Case study 3: We experiment on 10 OCLP instances of different sizes, the difficulty increases with the problem size. The coordinates of terminals and concentrators have been randomly obtained in Table 3, whereas the weights associated with each terminal were randomly generated \( w_{j} \in \left[ {1,30} \right],\forall j = 1 \ldots N \). The capacities of each concentrator vary from one problem to another, being in a range \( p_{i} \in \left[ {50,150} \right],\forall i = 1 \ldots M \). We compare the results obtained by the objective function of the SA, SA-Greedy, LB-Greedy, GA-Greedy, GA-BSC, PSO-BSC, ACO-BSC1 and ACO-BSC2 algorithms in the best and average cases. All experiment are independent of all others, the results listed in Table 4 is the best solutions and average solutions after 100 executions in each case. The experimental results show that the objective function of our algorithms has achieved a much better performance than other algorithms. In the small grid size and small number of nodes such as problem #29, #30 and #31, all algorithms has approximate results both the best solutions and the average solutions. However, when the problem size is large, the experimental results are considerable different such as problem #34, #35, #36, #37 and #38. In some cases, all algorithms choose the same set of nodes to be BSCs, but the objective function results of the ACO-BSC2 algorithm are much better.

Table 3 Main features of OCLP problems tackled
Table 4 Comparison of the results obtained by the difference algorithms considered

Table 5 shows the computational time of the seven algorithms. The computation time of the GA-BSC, PSO-BSC is smaller than the SA, SA-Greedy and LB-Greedy algorithm, however it is larger than the ACO-BSC1 and ACO-BSC2 algorithms compared. The ACO-BSC2 algorithm is able to obtain much better solutions than the ACO-BSC1 algorithm, which is a reasonable computation time. The ACO-BSC2 is the fastest algorithm, as expected in almost cases.

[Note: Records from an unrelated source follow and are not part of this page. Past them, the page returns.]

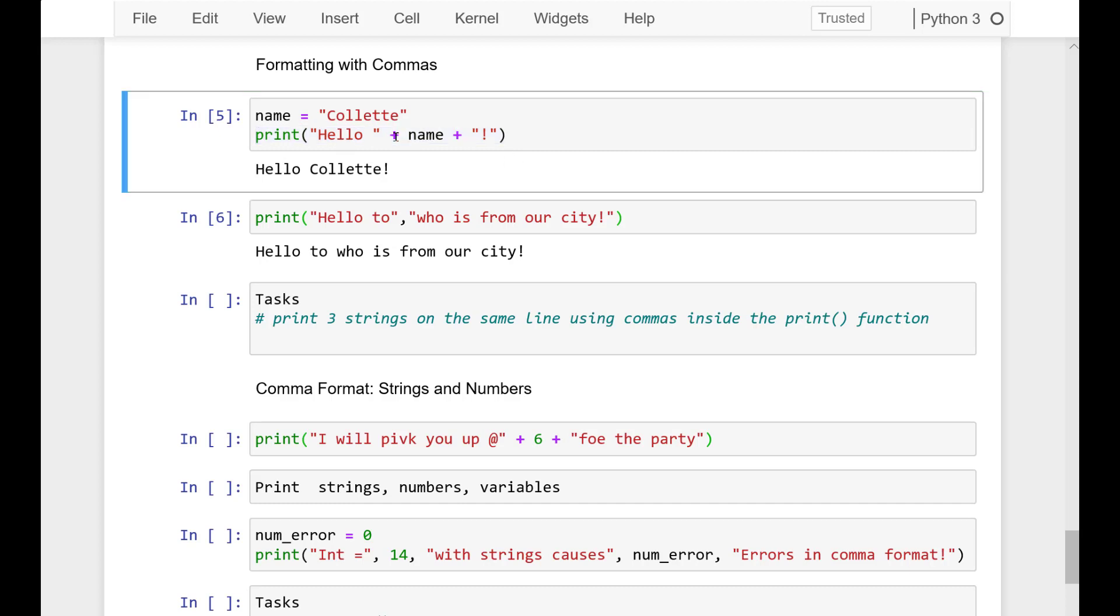That is a string, and then we add another string. I can run that cell. Now I got my hello Collette. But this printing with formatting with commas is a different way to do this.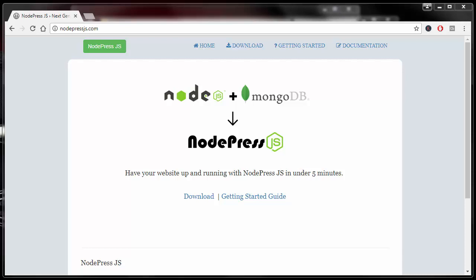Welcome to the training series for NodePress.js. In this series, you're going to learn how to install NodePress.js on your server or on your local PC for testing purposes.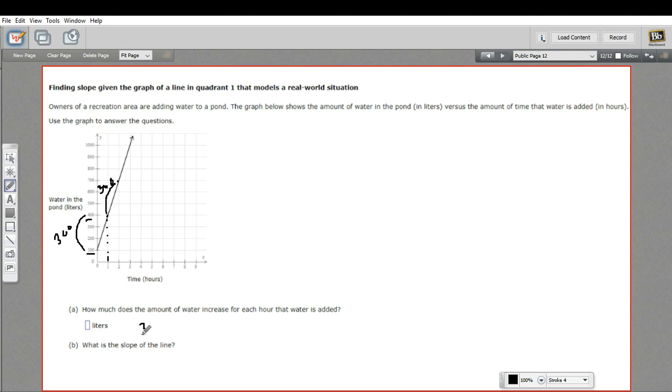So that's 300. And then they're asking us, what is the slope of the line? Well, the slope of the line is the relationship of the change in the Y, so how much it's going up or down, to the relationship of the change in X.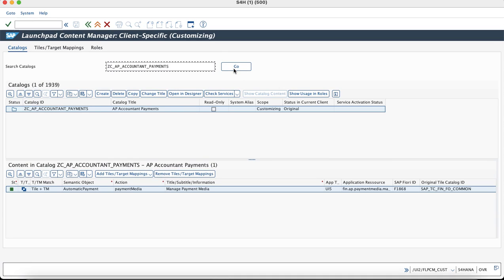In the launchpad content manager, we will search for the catalog where we want to make the changes and then try to add the Fiori tiles to it.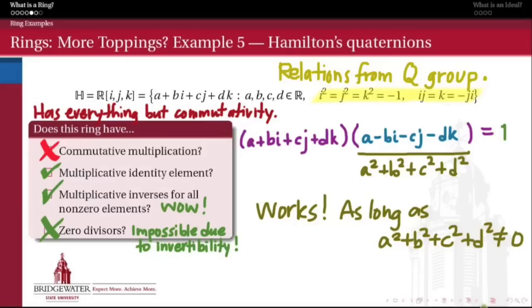Hamilton's quaternions are interesting for a lot of reasons, again because of the connection to three-dimensional geometry. They provided a setting in which Hamilton, who came up with them, used them to do classical mechanics in three dimensions — so physics. We're interested in them for their algebraic structure. They're a great example of a ring that is everything we could ever want it to be, except commutative.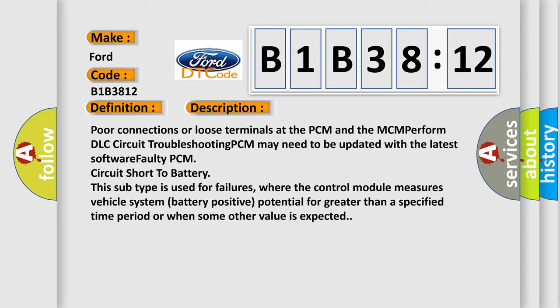This subtype is used for failures where the control module measures vehicle system battery positive potential for greater than a specified time period or when some other value is expected.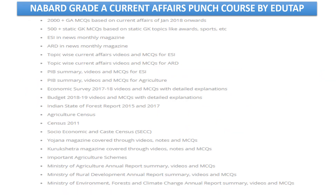What does this course offer? Current affairs play a very important role in NABARD grade A examination. As part of this course, we offer more than 2,000 GA MCQs based on current affairs from January 2018, 500 plus static GK MCQs, and a monthly magazine covering ESI in news and ARD in news. We also provide topic-wise current affairs videos for ESI and ARD, PIB summary videos and MCQs for ESI and agriculture, Economic Survey 2017-18 videos with MCQs, and Budget 2018-19 videos and MCQs with detailed explanations.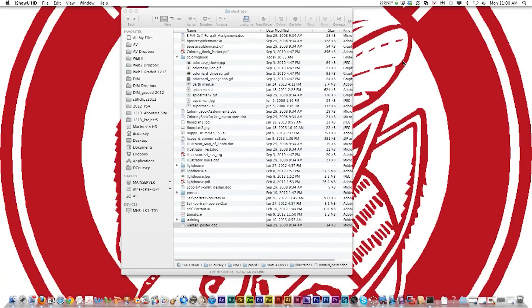Hello, today we're going to talk about some awesome features in Adobe Illustrator which are the image trace and live paint bucket.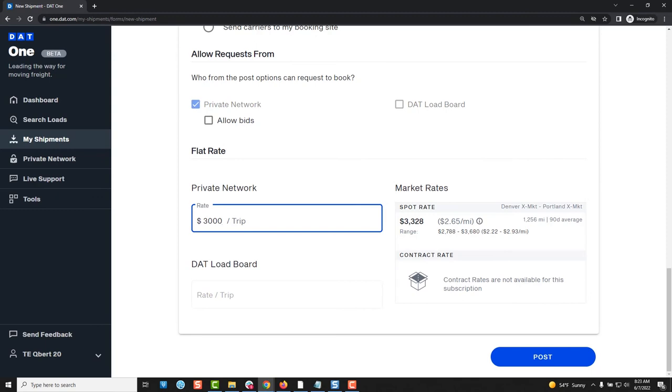When you are finished filling out the form just click post and the shipment will be sent to the carriers you selected. Whether that be the entire DAT carrier community, a private network, or a group within your private network.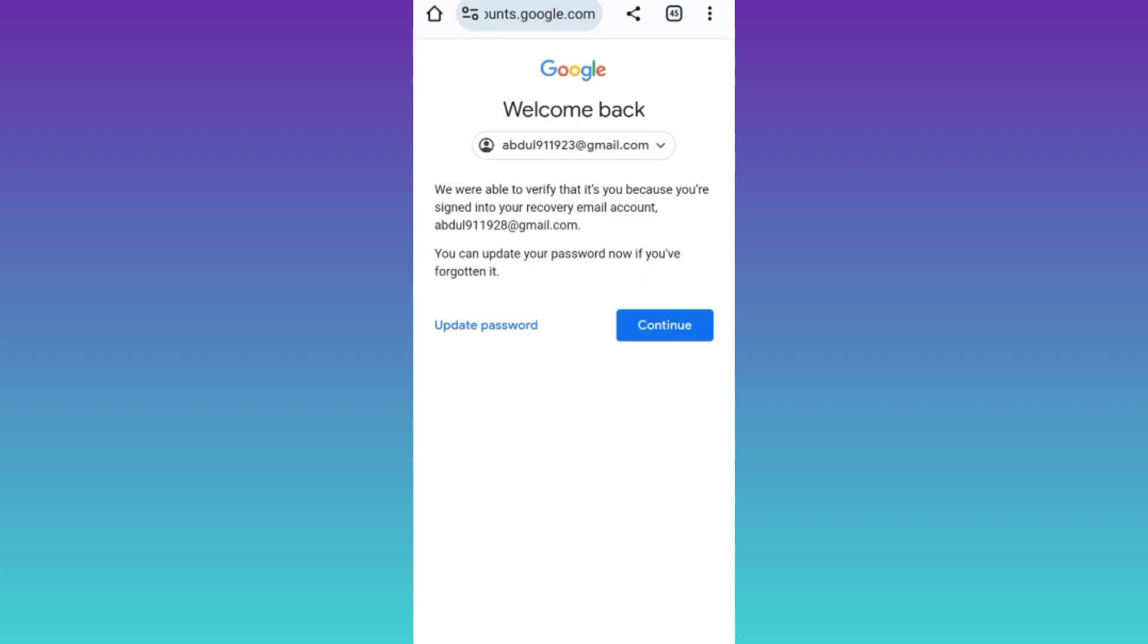And that's it. Your permanently deleted Gmail account is now recovered. So that was it for this video and I will see you guys in the next one. Peace out.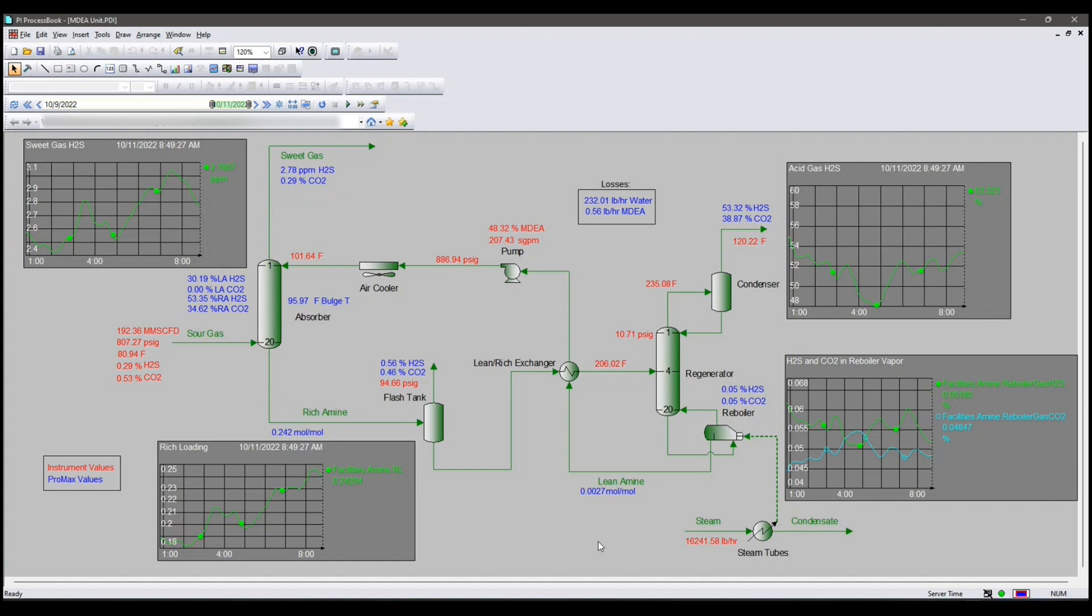This is the time to really use your imagination and find out what sort of problems can you solve? What sort of data can you provide? What sort of blanks can you fill with ProMax running?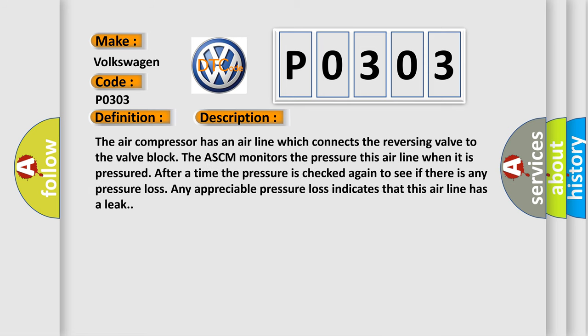The air compressor has an air line which connects the reversing valve to the valve block. The ASCM monitors the pressure. This airline, when it is pressured, after a time the pressure is checked again to see if there is any pressure loss. Any appreciable pressure loss indicates that this airline has a leak.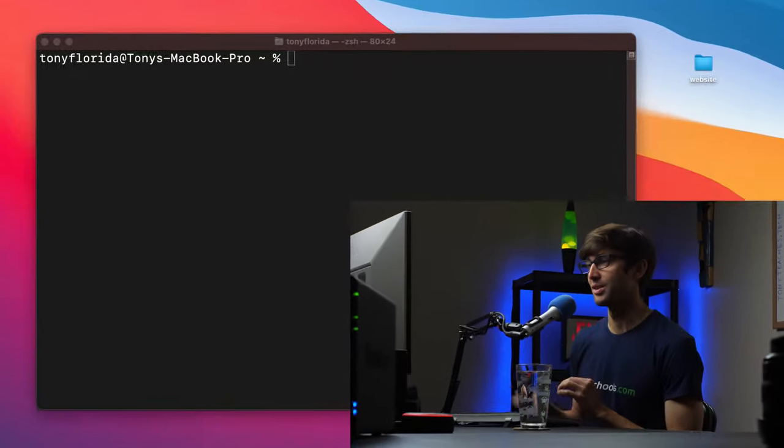Hey everyone, this is Tony Teaches Tech. I'm Tony and in this video I'm going to show you how to use the FTP command to copy files to and from a remote server. In this particular case we're going to be copying an entire static website up to my remote FTP server. This will work on any type of operating system including Windows, Mac, and Linux operating systems which have the FTP command installed. It's widespread, so I'll show you how to check if it's installed on your system.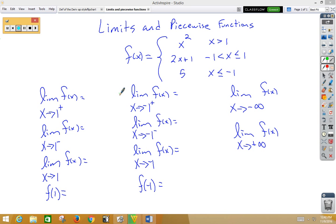In this video, we're doing limits and piecewise functions, and we're going to use the piecewise function with three pieces: x squared, 2x plus 1, and 5, on the various intervals.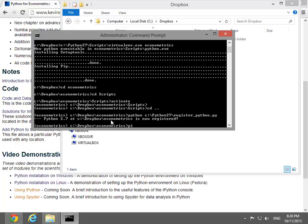Next, PIP is used to install a large group of modules that do not require binary installers.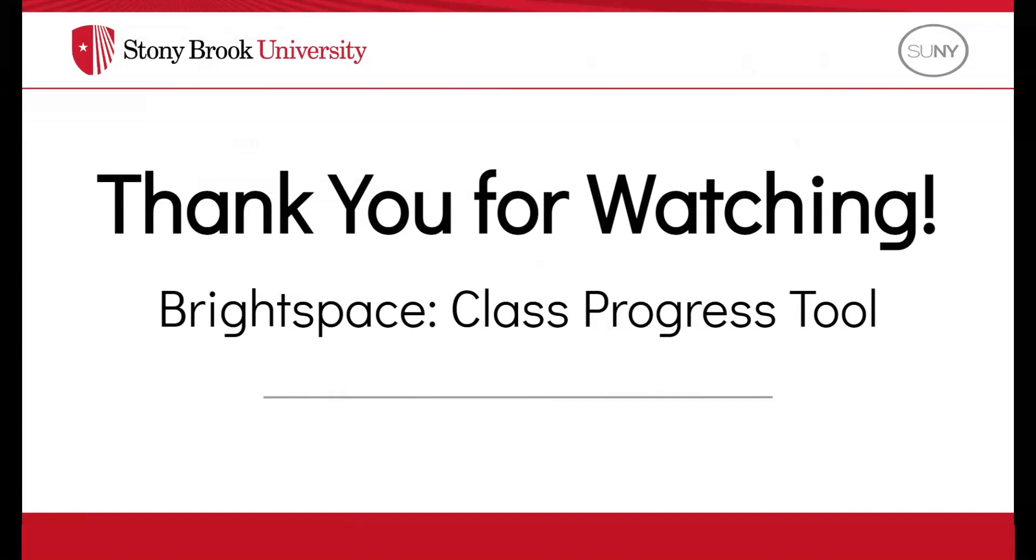Thank you for watching. Please stay up to date on all Brightspace related content by subscribing to our channel.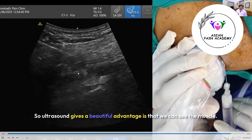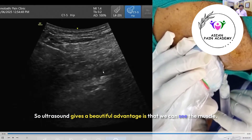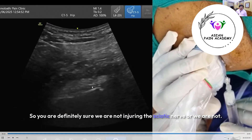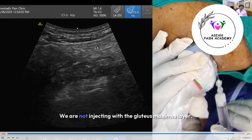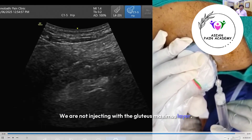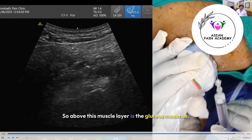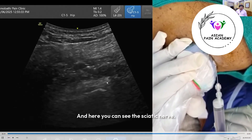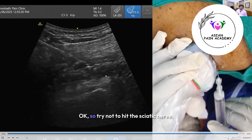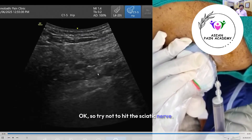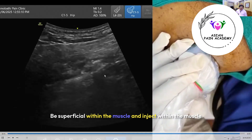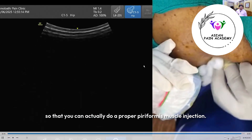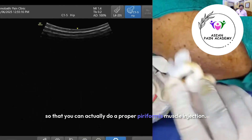Ultrasound gives a beautiful advantage in that we can see the muscle clearly. We can be certain we are not injuring the sciatic nerve and not injecting superficially into the gluteus maximus layer. Above this layer is the gluteus maximus, this is the piriformis layer, and here you can see the sciatic nerve. Stay superficial within the piriformis muscle and inject within it to perform a proper piriformis muscle injection.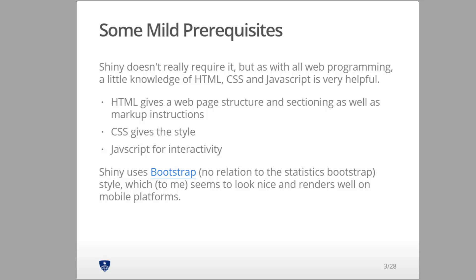We're not going to teach that here. There are a million HTML tutorials on the Internet. Just find any, create a basic web page, learn what some of the basic commands are and the format of them, and that's all you need. Shiny uses this Bootstrap package, which has no relation to the statistics bootstrap, which looks nice and renders well. It's from the folks at Twitter.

Table 5 Computation time (in seconds) of compared difference algorithms

6 Conclusion and Future Works

In this paper, we have presented the new ACO scheme for the optimal location of controllers in wireless networks. The proposed algorithms overcomes the disadvantages of previous approaches based on Greedy heuristics are no longer valid, and blind algorithms are necessary for achieving high quality solutions to the problem. Our algorithms may give feasible solutions to this problem based on the global search for high quality feasible solutions. The experimental results show that our proposed algorithms have achieved a much better performance than previous heuristic algorithms. Optimizing location of controllers in wireless networks with profit, coverage area and throughput maximization is our next research goal.